He didn't have to do that, not with a family slave. "All right," Threissa said, but this time in a different tone of voice. "Maybe even three?"

Slaves are mercenary creatures, Sostratos thought. But then they have to be. "Maybe," he answered. Threissa waited for him at the top of the stairs. They went down the hall together to his room. He closed the door behind them.

"Come on," Menedemos said as he and Sostratos made their way toward the gymnasion in the southwestern part of Rhodes, not far from the stadium and the temple dedicated to Apollo. "It'll do you good. We've been away too long."

His cousin accompanied him only reluctantly. "What you mean is, it'll do you good to show you can still outrun me and throw me when we wrestle. I don't know why you bother. We both know how that will come out."

"That's not the point," Menedemos said, which was at least partially true. "The point is, a proper Hellene doesn't let himself go to seed."

"I can think of quite a few things you do that a proper Hellene doesn't," Sostratos said tartly. "Why shouldn't I get to pick and choose, too?"

Since Menedemos knew he had no good comeback for that, he didn't bother trying to find one. Instead, he repeated, "Come on," adding, "No point in going back now. Look, you can already see the theater and the southern wall beyond it."

"And if I went back home, I could see Demeter's temple," Sostratos retorted. "Did you drag me out here to see the sights? I don't mind that so much. Going to the gymnasion is a different story."

"Quit complaining," Menedemos said, beginning to lose patience. "You can let yourself get all hunched-up and flabby, like a shoemaker stuck at his bench all the time or a barbarian who doesn't care what he looks like because he never takes off his clothes, or else you can try to be as much of a kalos k'agathos as you can."

"I have much more control over whether I'm good than I do over whether I'm good-looking," Sostratos said. Despite his grumbles, he accompanied Menedemos into the gymnasion. They stripped off their chitons - being seamen, they didn't bother with sandals - and gave an attendant an abolos to keep an eye on the clothes while they went out and exercised.

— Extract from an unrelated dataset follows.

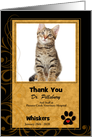 Veterinarian Thank You in Black and Gold with Cat’s Photo Blank card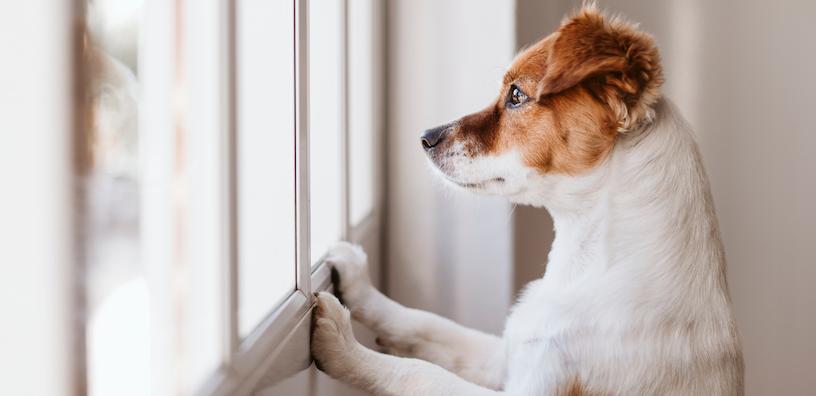 Everything You Need to Know About Dog Anxiety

Some of the men running on the track or grappling with one another in the sandy wrestling pits plainly didn't get to the gymnasion often enough. But others . . . Menedemos pointed. "There's a pretty boy, fourteen or fifteen, and handsome enough to have his name scrawled on the walls." His own name had gone up on more than a few walls when he was that age; Sostratos', he remembered rather too late, hadn't.

All his cousin said now, though, was, "Yes, and doesn't he know it? If he sticks his nose any higher in the air, he'll get a crick in the neck."

"When you look like that, you can get away with a few airs," Menedemos said. Sostratos only grunted.

They ran a few sprints to loosen up. Menedemos savored the feel of the breeze against his skin, the grass at the verge of the track flying by as he strained to get every bit of speed from himself he could. He also savored leaving Sostratos in his wake, hearing his cousin's panting breath fade behind him time after time.

"You're a pentekonter, sure enough," Sostratos said. "Me, I'm just a round ship."

Menedemos' turn of speed drew the notice of a fellow a couple of years younger than he who also had the lean, muscular build of a runner. "Try yourself against me?" the younger man said. "I'm Amyntas son of Praxion."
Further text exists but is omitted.